# How will the internet change our lives going forward....



## truthseeker (9 Mar 2011)

Because, obviously, there has already been some pretty major changes in the past 20 years like online banking, online shopping, social networking, freedom of information (remember when you used to have to consult an actual book to know the answer to something? Now google will tell you Jackie Kennedys shoe size in microseconds!!), online training....etc.

But we're still in the early days of the internet. As we go forward there is more and more information building up that may be useful in the future. 

Brendan made a comment on some other thread about the criteria for mortgages in the boom years being something that there would be information available on this site about if the person looked through threads from 2005/2006. 

Message boards will contain massive amounts of information about peoples views/opinions from particular time periods - to draw a parallel - there is no way of knowing now what went through a Roman centurions head when he was in the Roman army - but in a few centuries time if someone wants to know what a soldier in Afghanistan was thinking, it will no doubt be available on some message board somewhere.

Google maps will periodically update their street views so you may be able to go back and see how your area looked 20 years ago, and what got built since etc...

Facebook and other social networking sites will revolutionise the 'family tree' business as you'll be able to trace your anscestors back through your parents social netowrking page.

So what other future uses will this amazing information highway called the internet have?


----------



## DB74 (9 Mar 2011)

IMO, eventually we will have no TV stations as we know it now. All entertainment of this type will be via an internet connection (or similar device) and most will be PPV on demand with a monthly bill depending on what you watched that month.


----------



## TarfHead (9 Mar 2011)

Hmmm, forecasts of the future tend to not work out.

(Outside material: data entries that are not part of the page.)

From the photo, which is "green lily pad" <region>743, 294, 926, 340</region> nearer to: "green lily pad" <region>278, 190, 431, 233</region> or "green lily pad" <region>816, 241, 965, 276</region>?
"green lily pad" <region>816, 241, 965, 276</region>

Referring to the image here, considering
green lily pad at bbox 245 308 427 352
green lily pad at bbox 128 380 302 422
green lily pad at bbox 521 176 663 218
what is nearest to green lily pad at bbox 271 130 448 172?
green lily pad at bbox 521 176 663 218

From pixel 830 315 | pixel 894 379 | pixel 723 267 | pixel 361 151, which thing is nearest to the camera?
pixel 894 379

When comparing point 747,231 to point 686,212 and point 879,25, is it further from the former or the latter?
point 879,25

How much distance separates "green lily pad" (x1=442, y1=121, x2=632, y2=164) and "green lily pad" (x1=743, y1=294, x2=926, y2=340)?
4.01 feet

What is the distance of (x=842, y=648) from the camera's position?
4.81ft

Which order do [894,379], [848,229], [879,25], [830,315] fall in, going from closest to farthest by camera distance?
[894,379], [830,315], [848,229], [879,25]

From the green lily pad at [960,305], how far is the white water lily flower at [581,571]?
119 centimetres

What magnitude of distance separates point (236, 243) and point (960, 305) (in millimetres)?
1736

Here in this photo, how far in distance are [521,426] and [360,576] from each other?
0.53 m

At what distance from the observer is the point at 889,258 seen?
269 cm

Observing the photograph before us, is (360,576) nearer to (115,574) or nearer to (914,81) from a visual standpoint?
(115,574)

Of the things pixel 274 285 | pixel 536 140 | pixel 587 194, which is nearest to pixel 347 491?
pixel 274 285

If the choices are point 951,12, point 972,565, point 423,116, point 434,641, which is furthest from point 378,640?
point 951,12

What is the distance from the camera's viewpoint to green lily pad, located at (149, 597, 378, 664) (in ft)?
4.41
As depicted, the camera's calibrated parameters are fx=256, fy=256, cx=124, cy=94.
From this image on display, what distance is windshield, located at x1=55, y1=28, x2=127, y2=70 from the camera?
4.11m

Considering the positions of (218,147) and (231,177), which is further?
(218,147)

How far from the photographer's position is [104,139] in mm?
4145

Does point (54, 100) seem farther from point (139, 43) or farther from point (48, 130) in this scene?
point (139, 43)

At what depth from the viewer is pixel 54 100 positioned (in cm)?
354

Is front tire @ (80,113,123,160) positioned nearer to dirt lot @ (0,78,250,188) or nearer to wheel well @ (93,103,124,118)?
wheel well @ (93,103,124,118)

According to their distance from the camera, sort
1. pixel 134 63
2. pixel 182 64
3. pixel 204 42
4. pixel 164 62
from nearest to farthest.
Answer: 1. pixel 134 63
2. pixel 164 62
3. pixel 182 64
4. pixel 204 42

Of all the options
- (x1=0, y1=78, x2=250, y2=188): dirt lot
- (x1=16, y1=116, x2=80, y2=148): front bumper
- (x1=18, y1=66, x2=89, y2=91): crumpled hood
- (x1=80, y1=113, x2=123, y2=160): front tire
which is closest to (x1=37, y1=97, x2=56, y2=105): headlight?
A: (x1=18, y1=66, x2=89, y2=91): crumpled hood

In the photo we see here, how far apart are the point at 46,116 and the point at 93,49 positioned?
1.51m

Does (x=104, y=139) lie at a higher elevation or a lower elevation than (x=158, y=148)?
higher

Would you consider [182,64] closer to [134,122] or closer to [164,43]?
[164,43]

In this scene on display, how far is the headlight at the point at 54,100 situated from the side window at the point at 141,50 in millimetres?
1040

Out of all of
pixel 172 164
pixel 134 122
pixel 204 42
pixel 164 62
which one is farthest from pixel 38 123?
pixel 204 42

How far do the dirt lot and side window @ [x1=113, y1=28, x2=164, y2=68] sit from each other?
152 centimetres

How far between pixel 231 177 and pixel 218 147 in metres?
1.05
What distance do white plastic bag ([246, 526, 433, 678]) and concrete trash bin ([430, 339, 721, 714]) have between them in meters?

VCRs will kill cinema, the internet will kill newspapers, e-readers will kill the book.

'_Facebook and other social networking sites will revolutionise the 'family tree' business as you'll be able to trace your anscestors back through your parents social netowrking page._'

My children won't be able to trace their family tree using social networks, cos I'm not on any. 500m people on Facebook is less than 1 in 10 of the world's population.


----------



## truthseeker (10 Mar 2011)

DB74 said:


> IMO, eventually we will have no TV stations as we know it now. All entertainment of this type will be via an internet connection (or similar device) and most will be PPV on demand with a monthly bill depending on what you watched that month.


 
You know - we probably wont have any internet as we know it now. Its already massively changed since its early days.

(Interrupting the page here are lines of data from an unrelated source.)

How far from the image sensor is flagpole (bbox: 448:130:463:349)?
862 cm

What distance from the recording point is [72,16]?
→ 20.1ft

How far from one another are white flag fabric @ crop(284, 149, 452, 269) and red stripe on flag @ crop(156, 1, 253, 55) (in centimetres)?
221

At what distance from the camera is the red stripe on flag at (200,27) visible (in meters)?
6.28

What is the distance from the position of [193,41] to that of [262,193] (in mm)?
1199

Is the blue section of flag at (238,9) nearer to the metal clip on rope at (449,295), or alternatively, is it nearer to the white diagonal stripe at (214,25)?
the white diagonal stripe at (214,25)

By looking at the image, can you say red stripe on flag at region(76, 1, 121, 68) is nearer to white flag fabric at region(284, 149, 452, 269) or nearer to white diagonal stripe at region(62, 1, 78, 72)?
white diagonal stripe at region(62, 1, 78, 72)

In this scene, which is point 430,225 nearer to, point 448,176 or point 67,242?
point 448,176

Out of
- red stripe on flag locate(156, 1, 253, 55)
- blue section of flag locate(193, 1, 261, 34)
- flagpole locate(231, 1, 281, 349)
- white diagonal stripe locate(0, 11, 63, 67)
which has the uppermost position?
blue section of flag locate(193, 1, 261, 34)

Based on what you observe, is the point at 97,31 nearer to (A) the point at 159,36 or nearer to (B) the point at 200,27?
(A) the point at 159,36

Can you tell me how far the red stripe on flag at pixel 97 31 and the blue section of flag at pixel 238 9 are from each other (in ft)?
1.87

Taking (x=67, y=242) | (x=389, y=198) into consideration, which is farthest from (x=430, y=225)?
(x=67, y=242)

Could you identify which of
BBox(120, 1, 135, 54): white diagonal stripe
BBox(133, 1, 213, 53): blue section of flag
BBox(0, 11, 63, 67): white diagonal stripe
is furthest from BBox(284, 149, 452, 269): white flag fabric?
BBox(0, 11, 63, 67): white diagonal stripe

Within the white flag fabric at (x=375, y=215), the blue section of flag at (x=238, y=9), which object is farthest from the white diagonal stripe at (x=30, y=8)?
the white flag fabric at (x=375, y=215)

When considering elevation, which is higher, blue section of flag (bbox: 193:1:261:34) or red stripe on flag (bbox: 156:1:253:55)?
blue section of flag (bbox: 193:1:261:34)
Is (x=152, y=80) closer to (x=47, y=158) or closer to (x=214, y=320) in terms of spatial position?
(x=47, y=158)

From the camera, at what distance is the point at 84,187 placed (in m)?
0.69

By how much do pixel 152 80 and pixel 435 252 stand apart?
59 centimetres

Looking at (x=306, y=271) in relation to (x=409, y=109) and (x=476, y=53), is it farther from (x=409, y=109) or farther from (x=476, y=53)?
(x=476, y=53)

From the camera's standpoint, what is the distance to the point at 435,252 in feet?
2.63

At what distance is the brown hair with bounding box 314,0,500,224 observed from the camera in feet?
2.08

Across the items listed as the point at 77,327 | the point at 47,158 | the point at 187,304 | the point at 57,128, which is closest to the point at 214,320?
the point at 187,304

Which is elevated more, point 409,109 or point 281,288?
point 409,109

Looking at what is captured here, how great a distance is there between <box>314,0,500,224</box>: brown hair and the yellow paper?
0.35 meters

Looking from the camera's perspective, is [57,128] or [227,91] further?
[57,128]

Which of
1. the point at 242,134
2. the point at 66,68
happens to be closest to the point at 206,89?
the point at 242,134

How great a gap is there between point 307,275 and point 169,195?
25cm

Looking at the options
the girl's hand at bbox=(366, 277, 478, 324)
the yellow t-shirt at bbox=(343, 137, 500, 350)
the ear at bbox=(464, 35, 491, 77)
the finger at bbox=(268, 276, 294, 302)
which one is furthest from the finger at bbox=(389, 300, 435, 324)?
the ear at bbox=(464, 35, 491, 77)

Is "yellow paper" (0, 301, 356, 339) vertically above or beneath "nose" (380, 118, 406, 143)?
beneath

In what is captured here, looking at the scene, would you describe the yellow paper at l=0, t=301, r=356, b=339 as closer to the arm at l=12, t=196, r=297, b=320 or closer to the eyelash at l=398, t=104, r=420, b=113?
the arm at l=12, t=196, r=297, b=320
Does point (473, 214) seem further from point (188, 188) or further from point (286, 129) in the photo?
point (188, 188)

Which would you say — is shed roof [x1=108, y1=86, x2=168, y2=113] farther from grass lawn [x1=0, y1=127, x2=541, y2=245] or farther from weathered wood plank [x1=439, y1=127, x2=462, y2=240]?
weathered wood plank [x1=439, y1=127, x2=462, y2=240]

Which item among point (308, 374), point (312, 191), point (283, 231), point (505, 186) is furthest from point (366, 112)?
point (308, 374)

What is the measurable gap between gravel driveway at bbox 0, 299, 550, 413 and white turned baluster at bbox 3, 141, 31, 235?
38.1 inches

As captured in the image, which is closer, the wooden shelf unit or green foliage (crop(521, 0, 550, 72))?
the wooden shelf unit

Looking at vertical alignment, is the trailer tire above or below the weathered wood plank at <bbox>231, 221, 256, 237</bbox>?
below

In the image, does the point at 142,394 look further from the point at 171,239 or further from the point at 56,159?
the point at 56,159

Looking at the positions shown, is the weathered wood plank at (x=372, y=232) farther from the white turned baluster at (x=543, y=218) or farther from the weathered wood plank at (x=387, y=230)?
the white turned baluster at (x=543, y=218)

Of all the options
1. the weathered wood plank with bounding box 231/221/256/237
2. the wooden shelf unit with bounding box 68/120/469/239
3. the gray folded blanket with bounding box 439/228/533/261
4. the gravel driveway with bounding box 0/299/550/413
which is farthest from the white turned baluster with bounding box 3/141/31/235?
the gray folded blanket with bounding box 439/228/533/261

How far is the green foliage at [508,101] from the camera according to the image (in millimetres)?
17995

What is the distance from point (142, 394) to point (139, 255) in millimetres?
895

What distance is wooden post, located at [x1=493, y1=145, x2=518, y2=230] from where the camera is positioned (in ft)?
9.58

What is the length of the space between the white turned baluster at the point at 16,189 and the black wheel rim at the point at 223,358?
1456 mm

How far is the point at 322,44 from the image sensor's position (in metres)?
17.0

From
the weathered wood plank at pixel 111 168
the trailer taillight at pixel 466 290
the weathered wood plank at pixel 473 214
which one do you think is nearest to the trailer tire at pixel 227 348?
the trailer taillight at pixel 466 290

Tarfhead - FB etc is also still only in the very early days, and Id bet someone/somewhere who is related to you is on it - thats enough for family tree tracing - you just need one link in.


----------



## Ceist Beag (10 Mar 2011)

As Tarfhead said, very hard to predict things like this accurately but sure it's fun having a go!  I believe we're already not far from a point where phones will become redundant. The internet as it is understood by many today will change - it won't be seen as something people interact with via a pc/laptop on a desk, it will become part of everyday life, such as internet radio replacing standard radio, internet media replacing tv channels, VOIP devices replacing phones and so on. Who knows, it may even get to the point where the likes of the Google robots which scan emails for key words and throw up ads based on this become more intrusive - for example robots that pick up words from conversations and display ads at the top of tv screens or some such! One thing is for sure with the internet, the more data people provide, the more targeted marketing (and other data based businesses) will grow.


----------



## bren1916 (10 Mar 2011)

I remember being asked in school back in the 70's what life would be like in the year 2000, I thought we'd all be living or at least holidaying on Mars...so I'll pass on this one


----------



## TarfHead (10 Mar 2011)

bren1916 said:


> I remember being asked in school back in the 70's what life would be like in the year 2000, I thought we'd all be living or at least holidaying on Mars...so I'll pass on this one


 
+1

_Blade Runner_ is set in 2019. How's the nascent _replicant_ business developing ?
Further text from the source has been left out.